WHAT IS NEEDED –
Every line from the top of the records through the line containing "Set of 2 Modern" should be retyped exactly; the pictures should not.

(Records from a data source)
------------------------------------------------------------
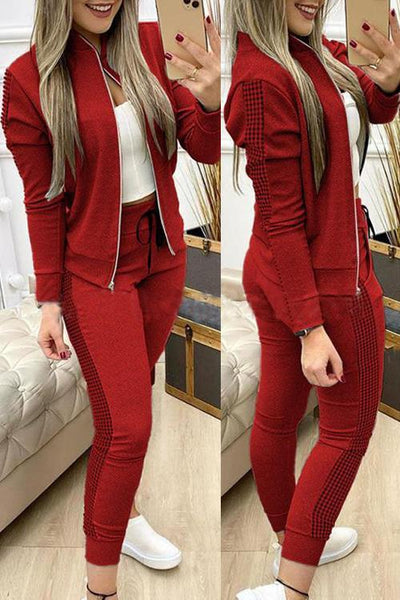 Contrast Plaid Jacket & Drawstring Pants Set - girlyrose.com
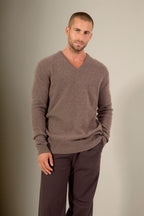 Pull Col V 4 Fils - Enzo - Taupe Chiné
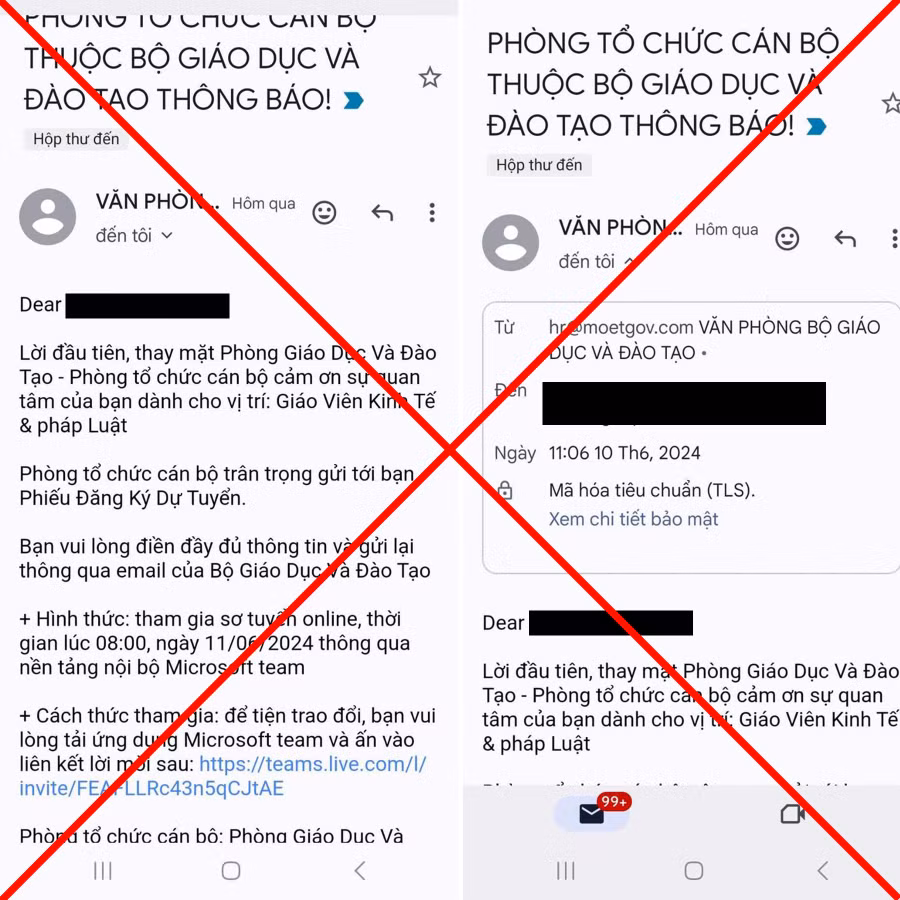 Hình ảnh mạo danh Gmail các đơn vị của Bộ GD&amp;ĐT để cung cấp thông tin, có nội dung phương thức, thủ đoạn lừa đảo chiếm đoạt tài sản.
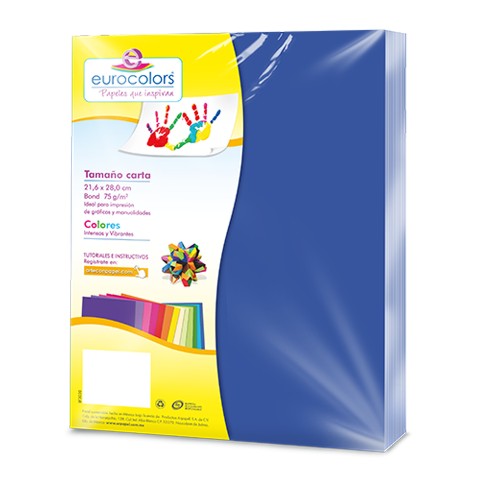 PAPEL BOND EUROCOLORS CARTA AZUL PAQUETE CON 100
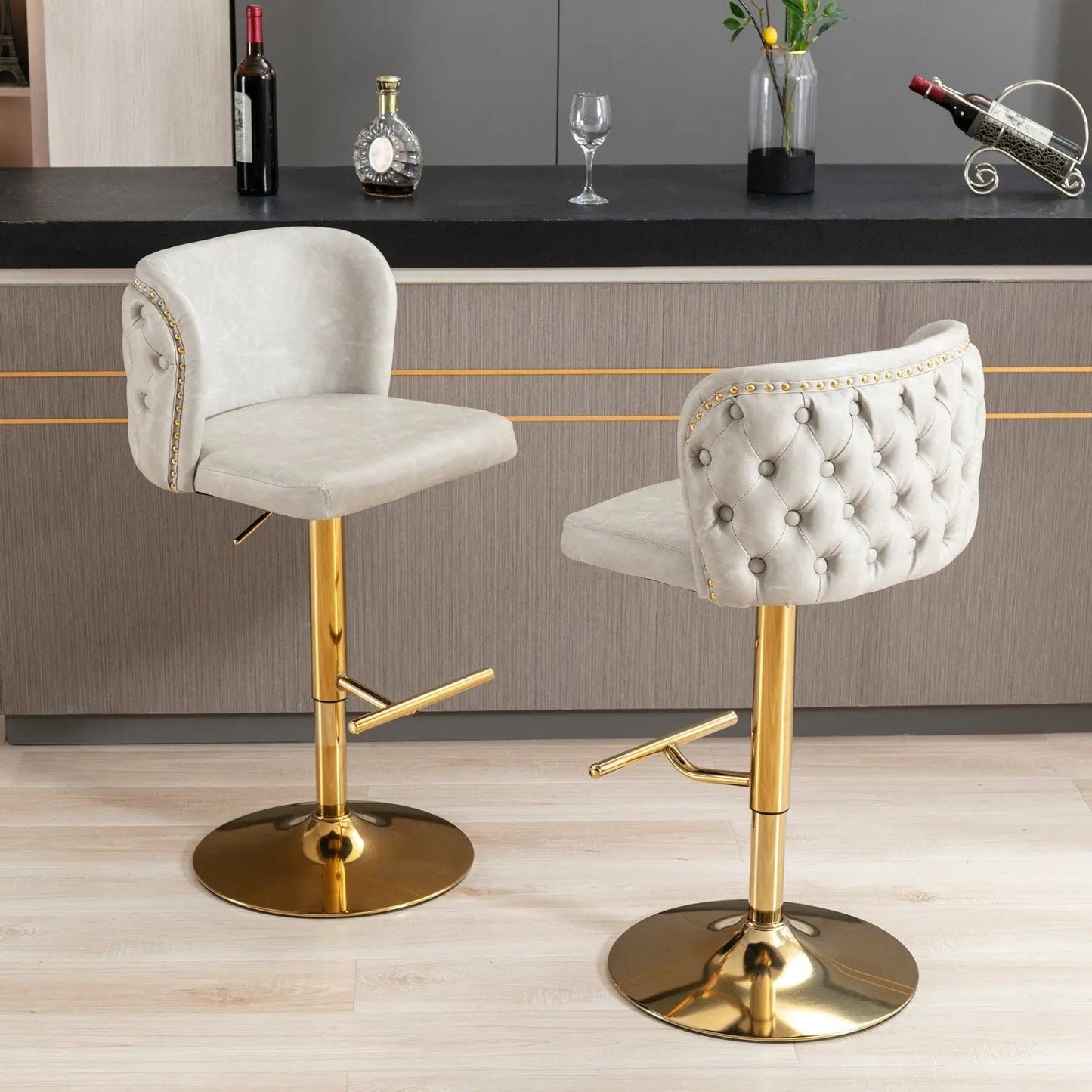 Set of 2 Modern PU Upholstered Swivel Barstools D BlakHom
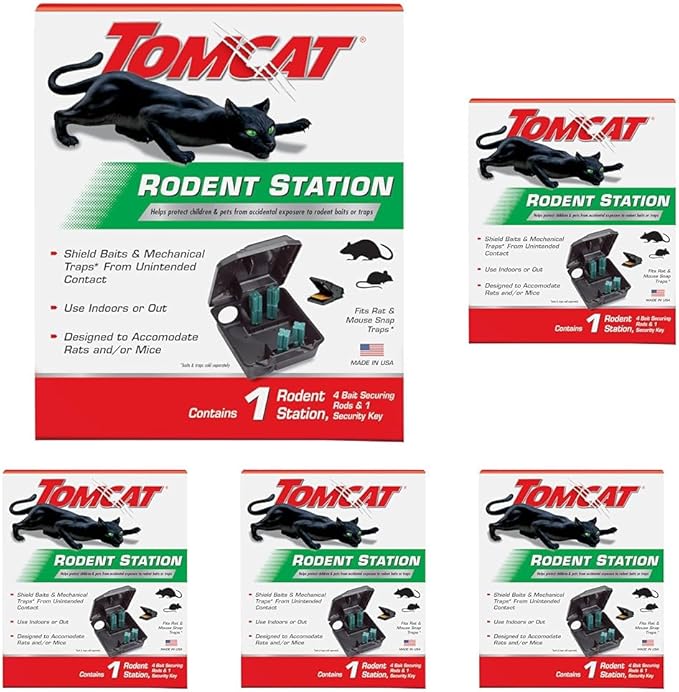 Tomcat Rodent Station, Includes 1 Rodent Station with 4 Bait Securing Rods and 1 Security Key - Fits Rat or Mouse Sized Traps (Baits & Traps Sold Separately) - Use Indoors or Outdoors (Pack of 5)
------------------------------------------------------------
OUTPUT OF THE EXERCISE –
 Contrast Plaid Jacket & Drawstring Pants Set - girlyrose.com
 Pull Col V 4 Fils - Enzo - Taupe Chiné
 Hình ảnh mạo danh Gmail các đơn vị của Bộ GD&amp;ĐT để cung cấp thông tin, có nội dung phương thức, thủ đoạn lừa đảo chiếm đoạt tài sản.
 PAPEL BOND EUROCOLORS CARTA AZUL PAQUETE CON 100
 Set of 2 Modern PU Upholstered Swivel Barstools D BlakHom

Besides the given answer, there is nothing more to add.